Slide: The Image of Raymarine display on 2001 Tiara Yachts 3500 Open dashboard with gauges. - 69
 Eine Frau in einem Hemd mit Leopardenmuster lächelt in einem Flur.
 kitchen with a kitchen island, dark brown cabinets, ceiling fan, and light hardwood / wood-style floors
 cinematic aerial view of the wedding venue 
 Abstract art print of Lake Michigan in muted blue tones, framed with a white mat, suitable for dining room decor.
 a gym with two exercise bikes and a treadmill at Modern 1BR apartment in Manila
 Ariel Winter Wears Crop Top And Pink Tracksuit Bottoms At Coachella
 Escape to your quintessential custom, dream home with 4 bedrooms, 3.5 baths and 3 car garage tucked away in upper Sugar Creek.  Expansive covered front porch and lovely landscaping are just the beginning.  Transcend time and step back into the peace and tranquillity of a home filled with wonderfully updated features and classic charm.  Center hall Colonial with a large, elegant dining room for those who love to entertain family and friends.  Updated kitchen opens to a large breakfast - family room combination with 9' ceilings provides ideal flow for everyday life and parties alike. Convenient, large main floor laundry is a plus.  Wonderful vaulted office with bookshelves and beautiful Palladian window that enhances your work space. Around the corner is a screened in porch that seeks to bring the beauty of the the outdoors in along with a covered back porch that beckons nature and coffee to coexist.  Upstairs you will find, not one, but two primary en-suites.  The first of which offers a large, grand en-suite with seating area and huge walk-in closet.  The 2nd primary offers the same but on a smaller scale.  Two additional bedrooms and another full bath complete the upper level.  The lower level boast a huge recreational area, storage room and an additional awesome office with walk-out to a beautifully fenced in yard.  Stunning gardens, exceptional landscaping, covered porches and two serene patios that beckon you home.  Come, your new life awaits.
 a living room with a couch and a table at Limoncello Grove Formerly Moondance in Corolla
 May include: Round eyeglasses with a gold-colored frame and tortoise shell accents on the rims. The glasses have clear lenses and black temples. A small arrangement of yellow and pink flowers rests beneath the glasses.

***

**Work request**
Using only the entries above, output the line with "kitchen with a", the line with "Ariel Winter Wears", and all lines between them, exactly as they stand.

**Written solution**
 kitchen with a kitchen island, dark brown cabinets, ceiling fan, and light hardwood / wood-style floors
 cinematic aerial view of the wedding venue 
 Abstract art print of Lake Michigan in muted blue tones, framed with a white mat, suitable for dining room decor.
 a gym with two exercise bikes and a treadmill at Modern 1BR apartment in Manila
 Ariel Winter Wears Crop Top And Pink Tracksuit Bottoms At Coachella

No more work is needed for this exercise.